Our second unsolved problem; correctly dealing with uncertainty.
In a way the problem is us humans. We are bad at dealing with uncertainty. Our friend on the left is a pigeon whose brain is wired for it. Some wonderful work by Walter Herbranson at Whitman College shows when it comes to reasoning in the face of uncertainty pigeons are better than most humans, including most math professors.
Our brains are just not wired for it. Even when we SEE the data. Lone Star has done research on how humans express uncertainty, how we understand it, and how we make decisions in the face of it. Our work showed people are only good at this under very narrow conditions.
For example, they can only reliably answer Little Questions™. And, while our work (and work done by Doug Hubbard) shows that training can improve most people’s ability to estimate spans of uncertainty, that ONLY applies to these narrow, Little Questions. In fact, our research shows university education in probability and statistics doesn’t help people improve much, and may make some of us dumber.
No matter how gifted you are, you probably aren’t very good at this.
Humans who are compared to pigeons in Herbranson’ s research are much better at probabilistic reasoning.
Don’t feel bad. The problem Herbranson uses for pigeons stumped Paul Erdos. Erdos was the most prolific mathematician in history. He published about 1500 papers before he died in 1996. Some of his important work was in probabilistic methods. But, according to his biographer, he refused to believe the correct solution until shown the results of a Monte Carlo simulation.
If Erdos had a hard time being intuitive with the mathematics of uncertainty the rest of us don’t have much of a chance. Yet we must make decisions which incorporate uncertainty.
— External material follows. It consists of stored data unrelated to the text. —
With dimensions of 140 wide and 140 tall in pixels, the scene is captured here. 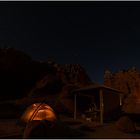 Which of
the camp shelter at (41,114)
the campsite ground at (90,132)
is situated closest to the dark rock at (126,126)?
the campsite ground at (90,132)

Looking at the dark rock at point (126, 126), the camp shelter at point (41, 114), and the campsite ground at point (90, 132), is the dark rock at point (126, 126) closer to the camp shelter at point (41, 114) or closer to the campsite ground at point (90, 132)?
the campsite ground at point (90, 132)

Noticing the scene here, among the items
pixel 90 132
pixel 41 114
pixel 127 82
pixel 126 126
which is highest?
pixel 127 82

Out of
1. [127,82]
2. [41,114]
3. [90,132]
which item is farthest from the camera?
[127,82]

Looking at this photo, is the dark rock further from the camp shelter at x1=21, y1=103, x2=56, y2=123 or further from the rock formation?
the rock formation

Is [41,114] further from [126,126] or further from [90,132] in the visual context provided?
[126,126]

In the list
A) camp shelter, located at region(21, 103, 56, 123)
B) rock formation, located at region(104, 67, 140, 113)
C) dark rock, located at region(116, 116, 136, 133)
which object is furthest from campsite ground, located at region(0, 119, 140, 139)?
rock formation, located at region(104, 67, 140, 113)

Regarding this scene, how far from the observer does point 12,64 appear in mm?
36406

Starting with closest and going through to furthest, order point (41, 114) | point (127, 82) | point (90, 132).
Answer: point (90, 132) → point (41, 114) → point (127, 82)

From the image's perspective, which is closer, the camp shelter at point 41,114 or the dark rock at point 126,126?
the camp shelter at point 41,114

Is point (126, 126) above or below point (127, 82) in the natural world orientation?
below

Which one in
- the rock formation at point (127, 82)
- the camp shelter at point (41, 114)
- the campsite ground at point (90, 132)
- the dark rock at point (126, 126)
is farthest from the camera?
the rock formation at point (127, 82)

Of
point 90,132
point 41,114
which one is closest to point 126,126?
point 90,132

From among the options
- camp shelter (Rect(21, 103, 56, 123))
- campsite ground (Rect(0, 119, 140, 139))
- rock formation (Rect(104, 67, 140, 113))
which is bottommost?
campsite ground (Rect(0, 119, 140, 139))

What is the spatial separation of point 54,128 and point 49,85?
2144 cm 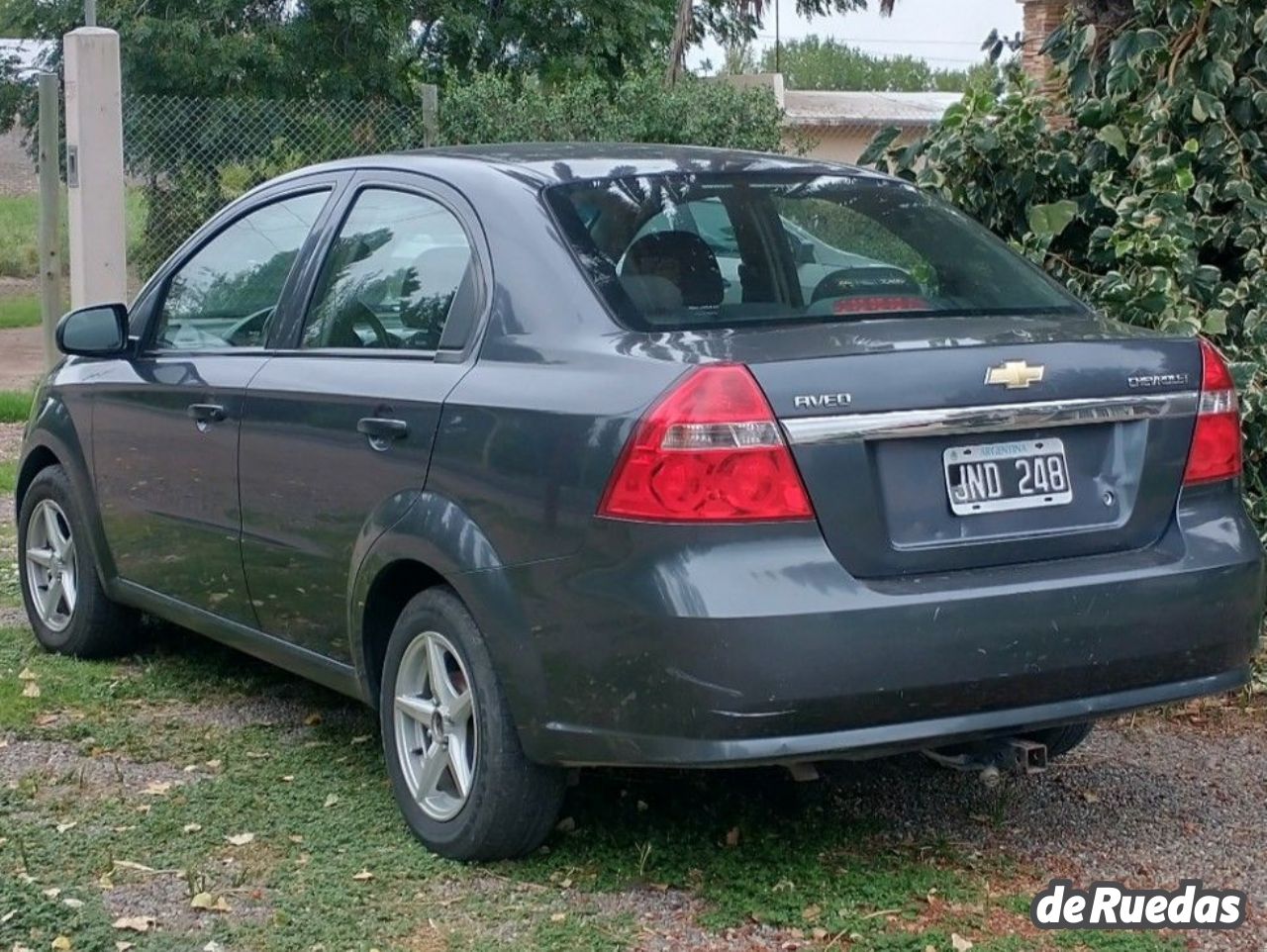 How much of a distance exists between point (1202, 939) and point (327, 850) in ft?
6.47

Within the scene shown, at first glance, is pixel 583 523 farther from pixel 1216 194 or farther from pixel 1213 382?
pixel 1216 194

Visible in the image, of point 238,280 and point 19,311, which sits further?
point 19,311

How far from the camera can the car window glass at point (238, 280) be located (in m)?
5.30

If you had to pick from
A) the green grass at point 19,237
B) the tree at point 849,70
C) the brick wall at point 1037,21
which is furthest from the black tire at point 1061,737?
the tree at point 849,70

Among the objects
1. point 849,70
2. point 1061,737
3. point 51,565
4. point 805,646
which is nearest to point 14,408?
point 51,565

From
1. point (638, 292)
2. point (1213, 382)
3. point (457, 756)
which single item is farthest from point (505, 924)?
point (1213, 382)

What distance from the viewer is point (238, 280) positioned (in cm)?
558

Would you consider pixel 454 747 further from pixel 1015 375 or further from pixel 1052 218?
pixel 1052 218

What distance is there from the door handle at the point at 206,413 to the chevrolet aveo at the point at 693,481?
3cm

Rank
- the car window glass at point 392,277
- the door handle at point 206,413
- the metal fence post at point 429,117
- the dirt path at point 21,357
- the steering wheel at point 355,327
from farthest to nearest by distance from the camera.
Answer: the dirt path at point 21,357, the metal fence post at point 429,117, the door handle at point 206,413, the steering wheel at point 355,327, the car window glass at point 392,277

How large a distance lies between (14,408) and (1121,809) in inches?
368

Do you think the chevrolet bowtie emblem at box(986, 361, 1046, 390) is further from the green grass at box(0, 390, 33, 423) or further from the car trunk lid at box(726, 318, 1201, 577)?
the green grass at box(0, 390, 33, 423)

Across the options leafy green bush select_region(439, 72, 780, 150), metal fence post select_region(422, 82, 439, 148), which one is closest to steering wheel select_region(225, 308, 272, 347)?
metal fence post select_region(422, 82, 439, 148)

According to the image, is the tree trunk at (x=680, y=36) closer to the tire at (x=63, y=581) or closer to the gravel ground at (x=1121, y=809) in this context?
the tire at (x=63, y=581)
So, an unsolved problem is how to deal correctly with uncertainty when we do analytics and data science. This is really a collection of problems. Some are procedural, some related to visualizations, some are rooted in how we teach our students.
A great deal of this problem seems to relate to information theory and signal processing.
Those two disciplines have struggled for about 80 years with the problems of randomness and noise. We can learn a lot from them.
But we see data science practitioners “clean” their data without good rationale about what is “dirt” and what is “noise”, so it seems data science can still learn from signal processing and information theory. This problem is connected to our first problem; detecting and classifying types of data dirt.
In a global benchmarking project, we found this area to be one of the most troublesome. Spans of uncertainty are collected, ingested for analytics, computed, reported and used. At each step, benchmarking shows there are real challenges.
Dealing with uncertainty is the second unsolved problem.